• [Required work]: Below is a listing from which only part is wanted; return exactly the lines from the one with "Kit De Baño" up to and including the one with "Ormarić s ugrađenim".
╭─ Source information
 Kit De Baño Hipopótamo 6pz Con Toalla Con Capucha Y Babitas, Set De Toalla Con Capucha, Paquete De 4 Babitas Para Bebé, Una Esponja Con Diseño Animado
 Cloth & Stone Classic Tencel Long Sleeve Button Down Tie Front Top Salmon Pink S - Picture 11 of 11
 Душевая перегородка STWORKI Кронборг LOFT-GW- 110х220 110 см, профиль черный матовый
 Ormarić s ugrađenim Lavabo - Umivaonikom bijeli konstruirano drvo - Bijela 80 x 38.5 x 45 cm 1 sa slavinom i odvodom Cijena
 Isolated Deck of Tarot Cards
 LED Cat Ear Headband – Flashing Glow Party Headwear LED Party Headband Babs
╰─
╭─ Source information
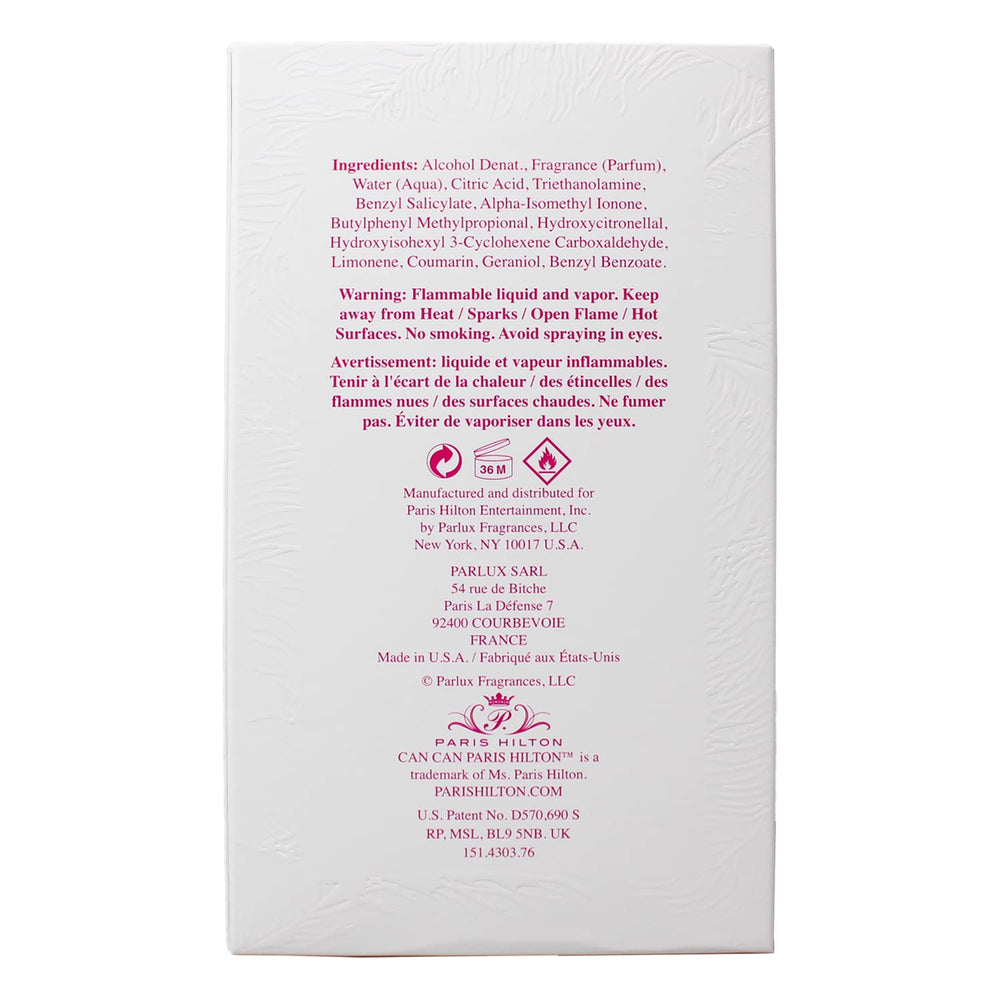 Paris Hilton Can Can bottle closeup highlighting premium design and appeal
╰─
╭─ Source information
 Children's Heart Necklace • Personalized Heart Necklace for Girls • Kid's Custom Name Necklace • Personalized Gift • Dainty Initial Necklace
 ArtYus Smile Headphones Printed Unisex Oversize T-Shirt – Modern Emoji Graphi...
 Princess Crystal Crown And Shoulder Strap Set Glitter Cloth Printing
╰─
• [Solution for this problem]:
 Kit De Baño Hipopótamo 6pz Con Toalla Con Capucha Y Babitas, Set De Toalla Con Capucha, Paquete De 4 Babitas Para Bebé, Una Esponja Con Diseño Animado
 Cloth & Stone Classic Tencel Long Sleeve Button Down Tie Front Top Salmon Pink S - Picture 11 of 11
 Душевая перегородка STWORKI Кронборг LOFT-GW- 110х220 110 см, профиль черный матовый
 Ormarić s ugrađenim Lavabo - Umivaonikom bijeli konstruirano drvo - Bijela 80 x 38.5 x 45 cm 1 sa slavinom i odvodom Cijena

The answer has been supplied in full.